Medical Code Embedding

It is crucial to convert discrete medical codes into reasonable and learnable representations. This paper uses a parameterized embedding matrix to encode medical codes into trainable embedding vectors, automatically learning the parameter matrix in an end-to-end manner.

Stage-Aware Relation-Level and Node-Level Attention

This mechanism considers the specific situation of the patient’s disease progression stage, assigning different weights to each relation type and neighboring node. Combined with the hidden vectors of the downstream prediction model, HAR assigns different weights, thus adopting a more discriminative prioritization during the computation of relation-level and node-level attention.

Relation-Specific Message Passing and Hierarchical Message Aggregation

In the personalized sub-graphs, HAR transmits information from source nodes to target nodes, ensuring the diversity of relation types and the importance of their information transmission.

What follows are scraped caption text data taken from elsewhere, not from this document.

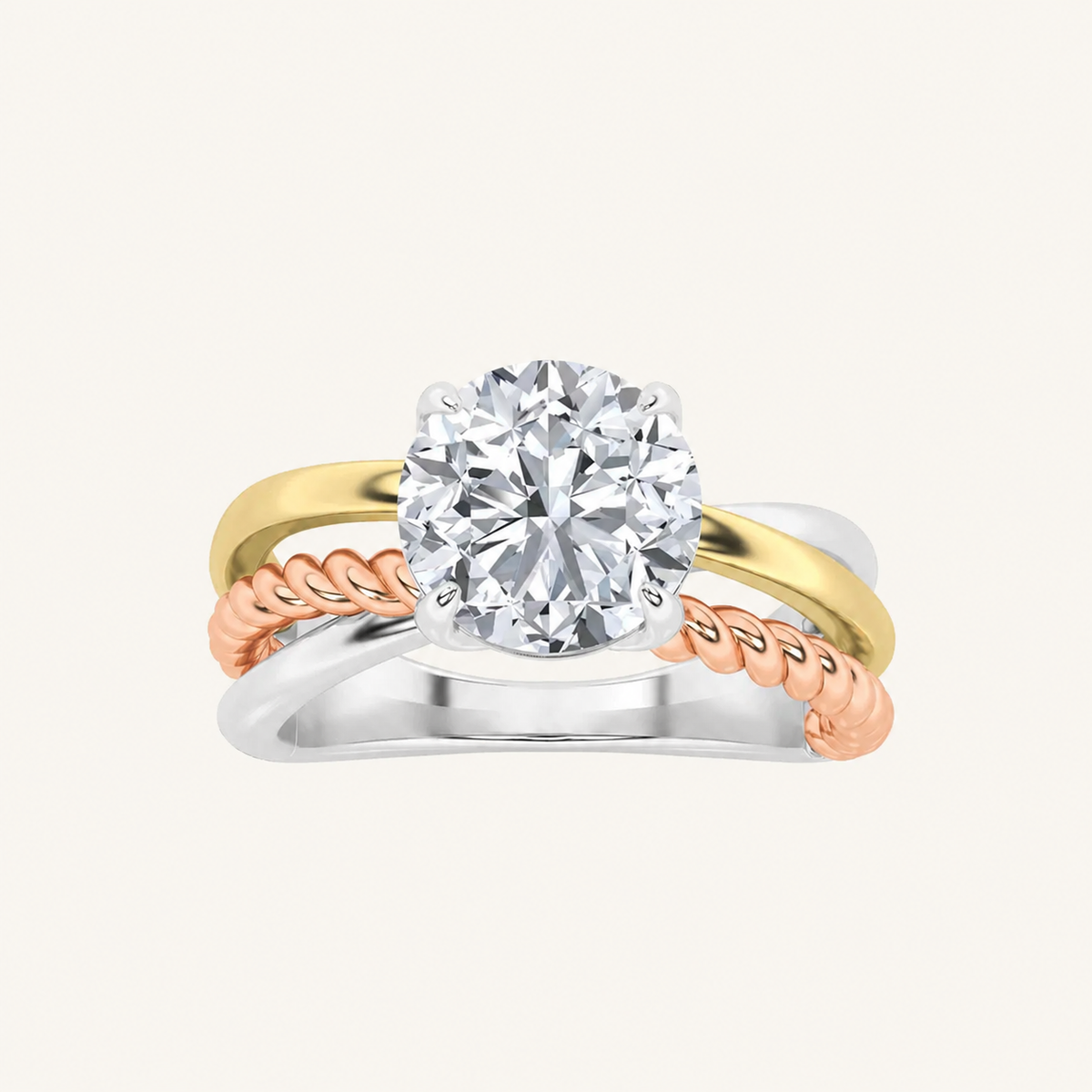 2CT Round Cut Lab Grown Diamond Solitaire Ring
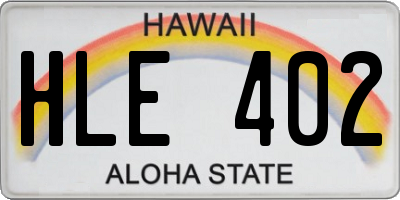 HI license plate HLE402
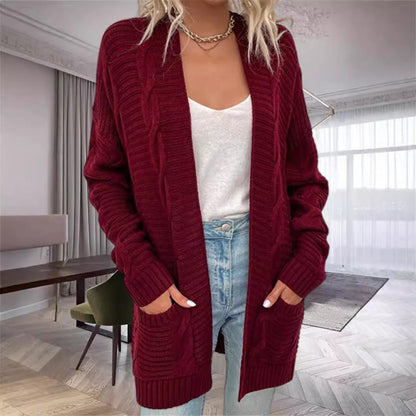 Cardigan grande taille en maille mélangée grosse maille avec poches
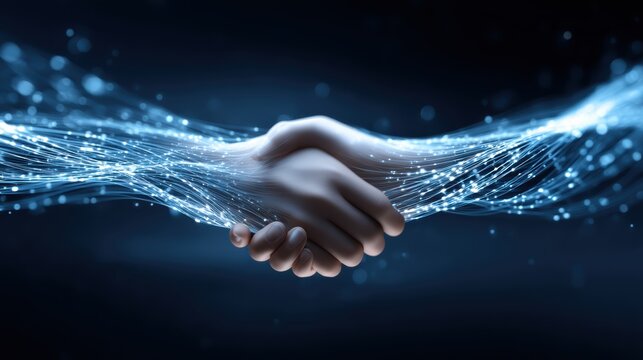 Two hands shaking, blending with flowing digital lines, symbolizing connection between human interaction and technology in a futuristic setting.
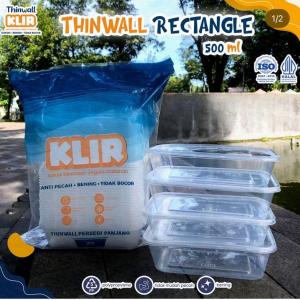 Thinwall persegi panjang 500ml + tutup / kotak makan plastik KLIR - ANTI PECAH - ANTI BOCOR isi 25pcs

When aggregating information, a hierarchical approach is taken, which first performs message passing and updating among nodes of the same relation type, then aggregates among multiple relations, and finally sends the resulting node representation to the downstream prediction model.

End-to-End Training and Integration with Existing Prediction Models

HAR is co-trained with the existing prediction model P with the objective of multi-label classification, using the cross-entropy loss function. Through the gradient descent method, both the HAR model and the prediction model P are jointly optimized.

Experimental Results

This paper validates the effectiveness of HAR through extensive experiments on two public datasets, MIMIC-III and MIMIC-IV. The experimental results show that HAR improves predictive performance in terms of visit-level accuracy and code-level accuracy. In addition, ablation studies verified the rationality of the model architecture and the importance of each component to the overall performance of HAR. Case studies verified that the attention coefficients generated by HAR can provide explicit explanations for doctors’ diagnostic predictions.

Experimental Setup and Datasets

In the experiments, this paper selects two publicly available EHR datasets, MIMIC-III and MIMIC-IV. These datasets contain health records of ICU patients. The experiments focus on the diagnostic codes in these datasets, using these codes for prediction tasks. Moreover, the experiments also utilized the large-scale medical knowledge graph SemMed, which contains more than 150,000 entities and 64 types of relations.

Performance Comparison

Competing against various baseline models such as LSTM, RETAIN, DIPLOE, RAIM, StageNet, and HiTANet, the experimental results show that models combined with HAR outperform in both visit-level and code-level performance, especially in handling rare diseases and small datasets where HAR models show more significant improvements.

Ablation Study

Through ablation studies, the experimental results verified the necessity of stage-aware relation and node-level attention mechanisms in improving model performance and assessed the impact of different attention mechanisms.

Sensitivity Analysis

The sensitivity analysis of the hyperparameter λ shows that HAR maintains a certain level of robustness within the range of [0, 0.9], reflecting the effectiveness of external medical knowledge in the model.

Model Interpretability

Case studies show that by analyzing the attention coefficients generated by HAR, the relationships between different disease symptoms can be revealed, providing explicit explanations for clinical physicians.

Conclusion

The proposed HAR model effectively overcomes the challenges of data volume and rare medical codes in existing diagnostic prediction models, integrating a large-scale medical knowledge graph into diagnostic prediction and achieving significant performance improvements. Further studies show that the HAR model also exhibits good interpretability, potentially providing strong support in clinical practical applications.